Extracted data:

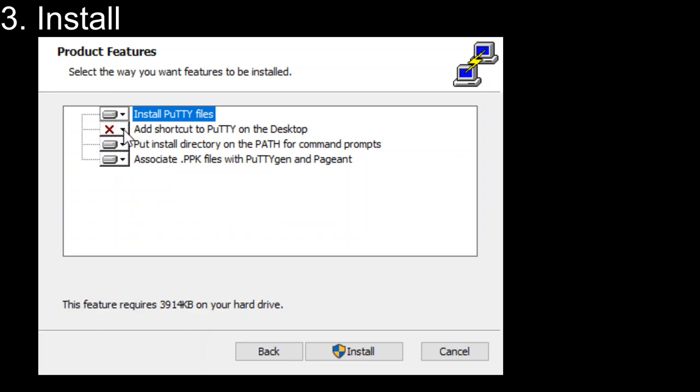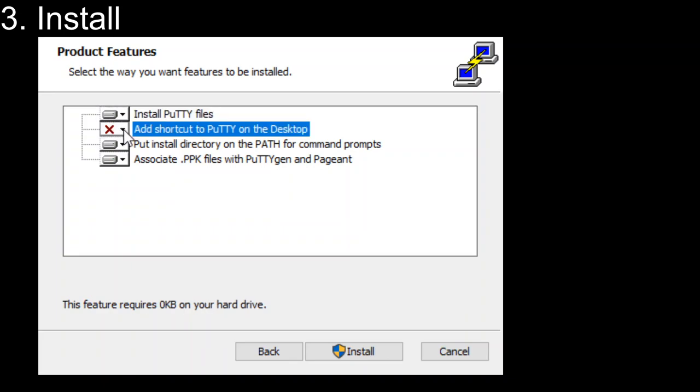On the installation dialog, you're going to see this option. You can select to add a shortcut to put it on your desktop, or you can leave it as is and then you won't clutter up your desktop.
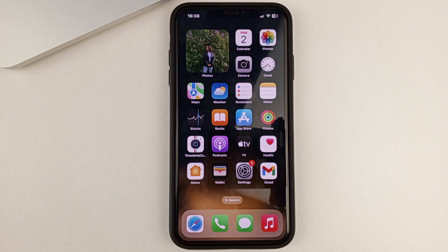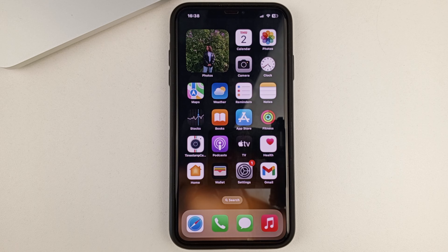Hi friends, welcome to this channel, and in this video I will show you and tell you how you can disable sensitive content warnings on your iPhone.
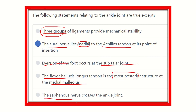The saphenous nerve arising from the femoral nerve passes and crosses the ankle joint, reaching the foot and digits. So our answer is: the sural nerve — because the sural nerve does not lie medial to the Achilles tendon, it lies lateral to it. Thank you.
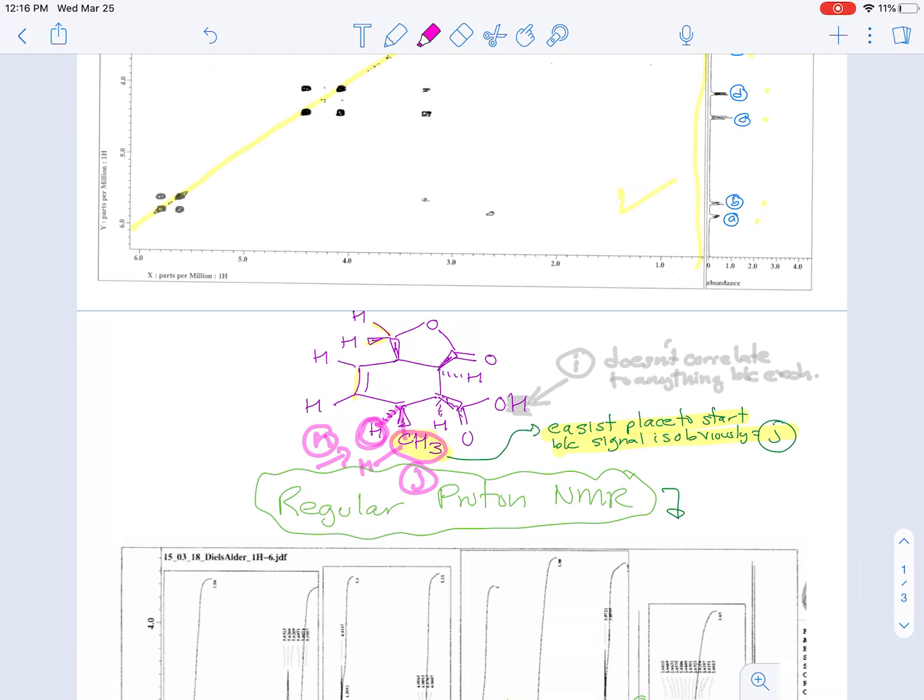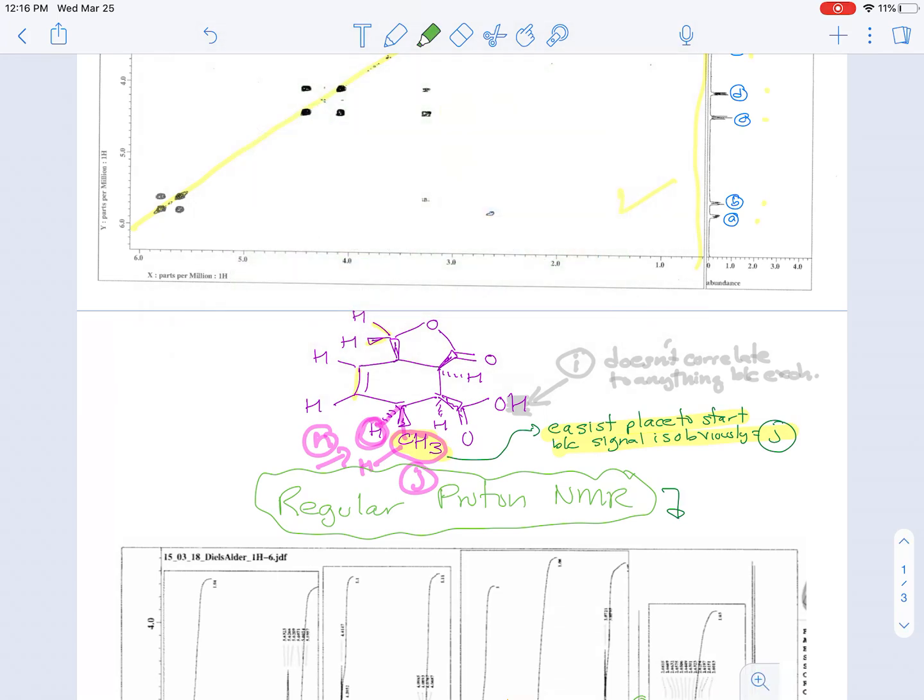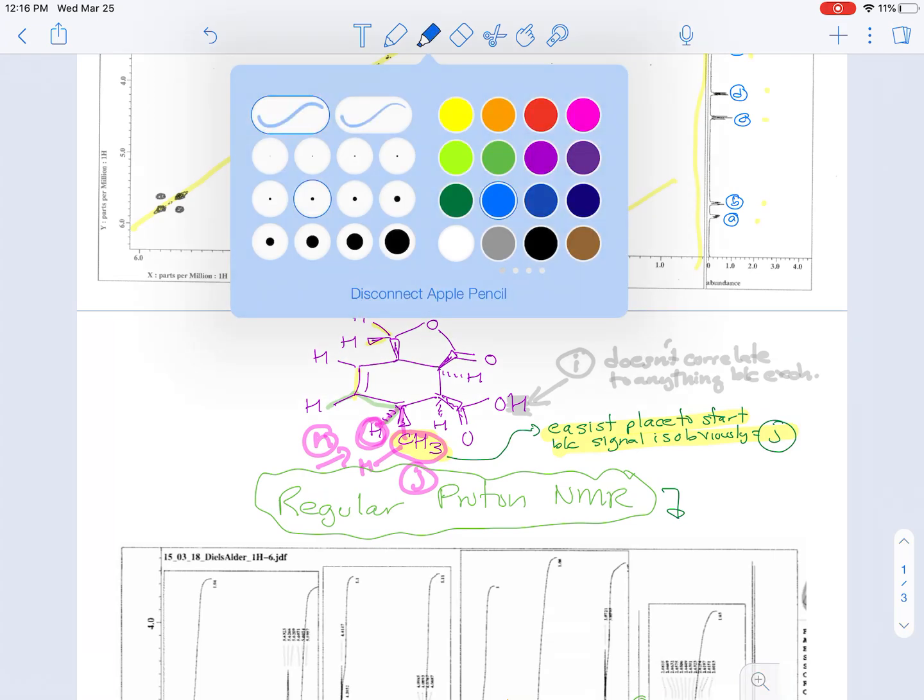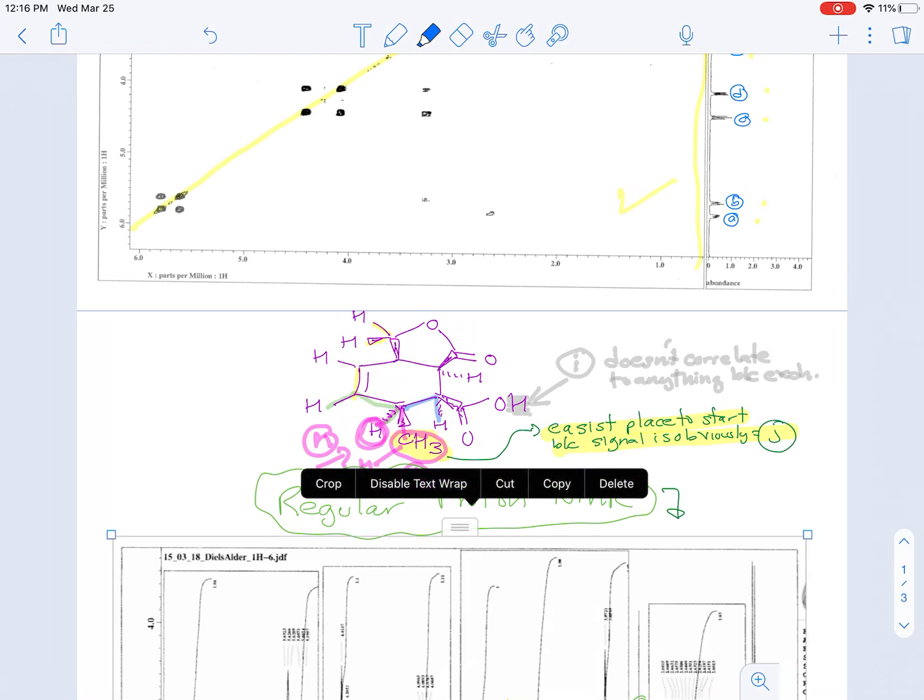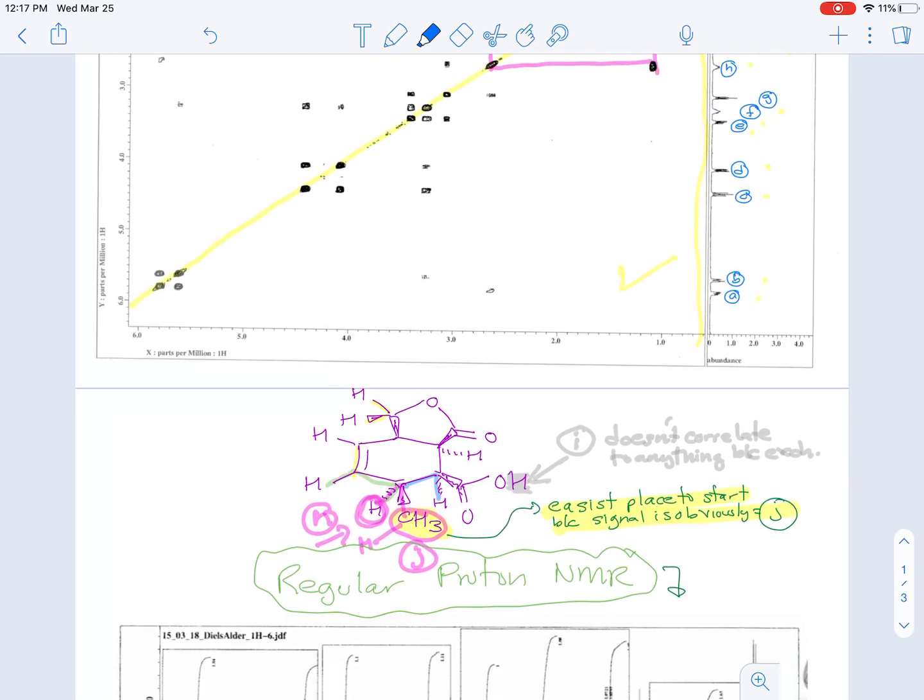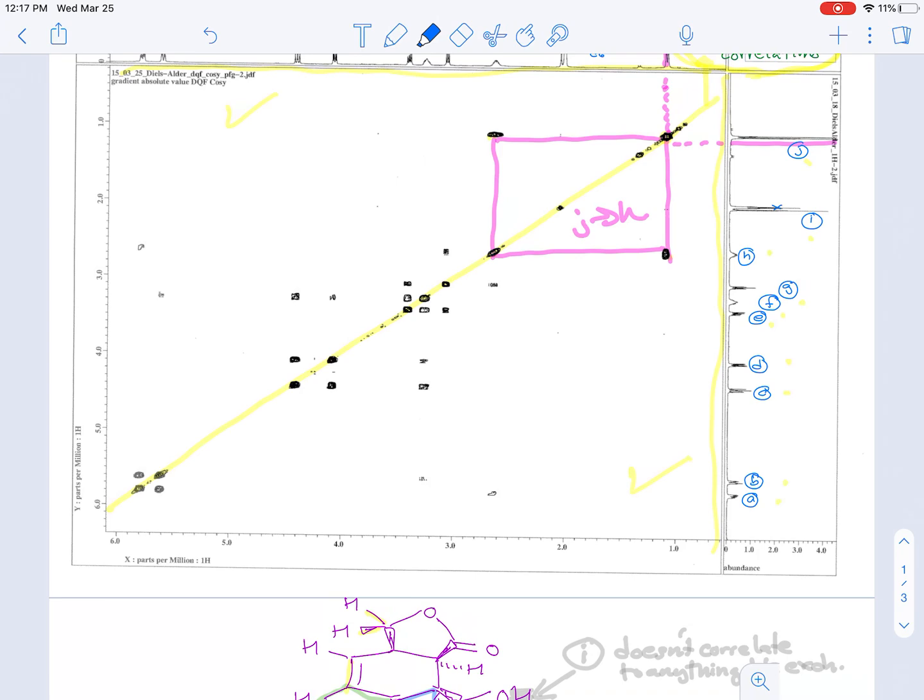Now things get a little bit more interesting because H actually correlates or has a three bond correlation to two different signals. It has a correlation to one of the vinyl hydrogens, and it also has a correlation to this hydrogen that's alpha to the carbonyl group. Fortunately, those two signals - the vinylic one in green and the alpha hydrogen in blue - are going to be different enough that we're going to know which is which.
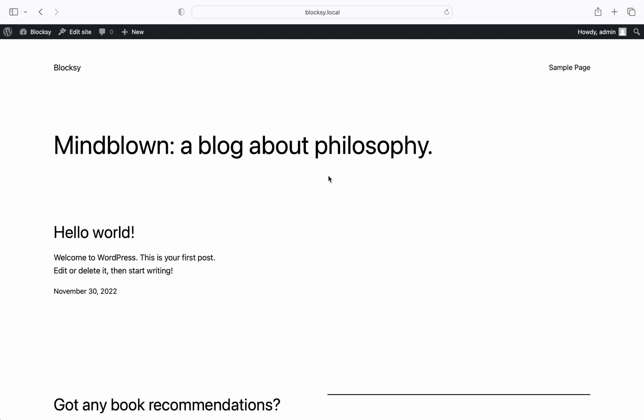Hi everyone and welcome back to Bloxy. In this tutorial we will check out how to fully install the basic Bloxy free package that includes the Bloxy theme and the companion plugin.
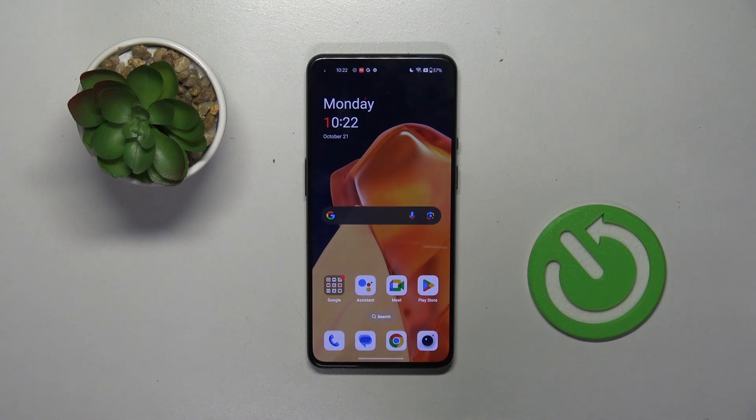Hello, welcome to the Hard Reset channel, and today I'm going to show you how to create folders on your home screen.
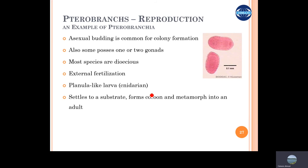Those gonads are released in the water after fertilization, and they have a planula-like larva which consists of round, amoeba-like structures. They can swim freely within the water, find a suitable substrate, and then attach to it, eventually giving rise to the same pterobranch body structure.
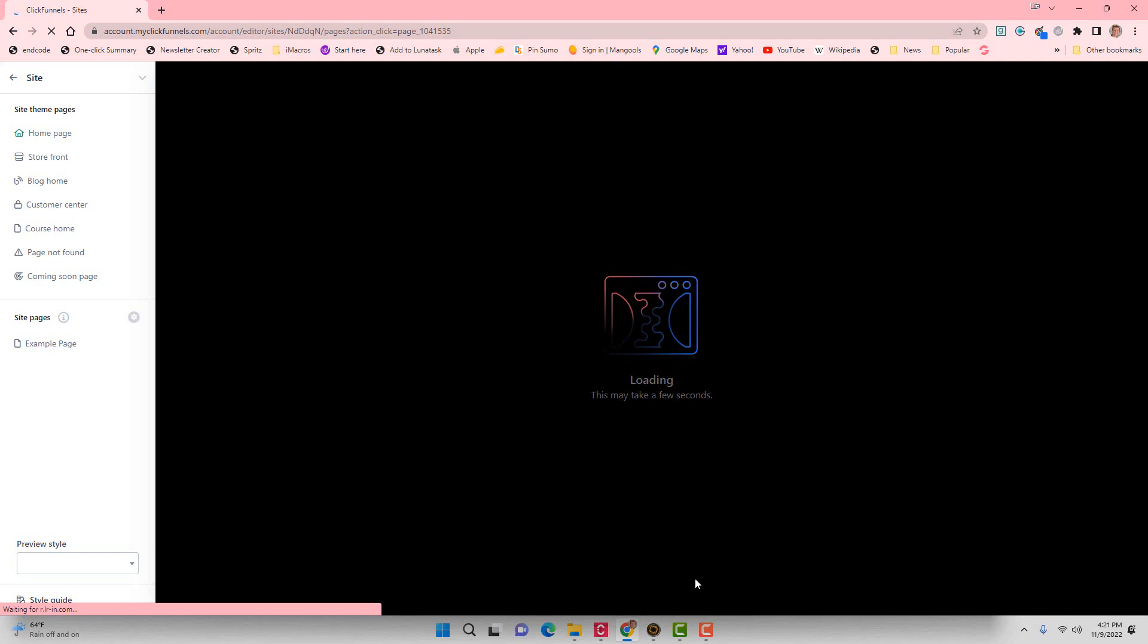So I believe I clicked on the dark theme, so we're going to have a kind of a dark looking site here when this all loads up, and it's going to be really fun to play with inside of ClickFunnels 2.0.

What you should do:
Reproduce exactly, and only, the lines from the opening line of the listing above through the line holding "The saphenous nerve", minus the pictures.

Response to this exercise:
On the installation dialog, you're going to see this option. You can select to add a shortcut to put it on your desktop, or you can leave it as is and then you won't clutter up your desktop.
Hi friends, welcome to this channel, and in this video I will show you and tell you how you can disable sensitive content warnings on your iPhone.
The saphenous nerve arising from the femoral nerve passes and crosses the ankle joint, reaching the foot and digits. So our answer is: the sural nerve — because the sural nerve does not lie medial to the Achilles tendon, it lies lateral to it. Thank you.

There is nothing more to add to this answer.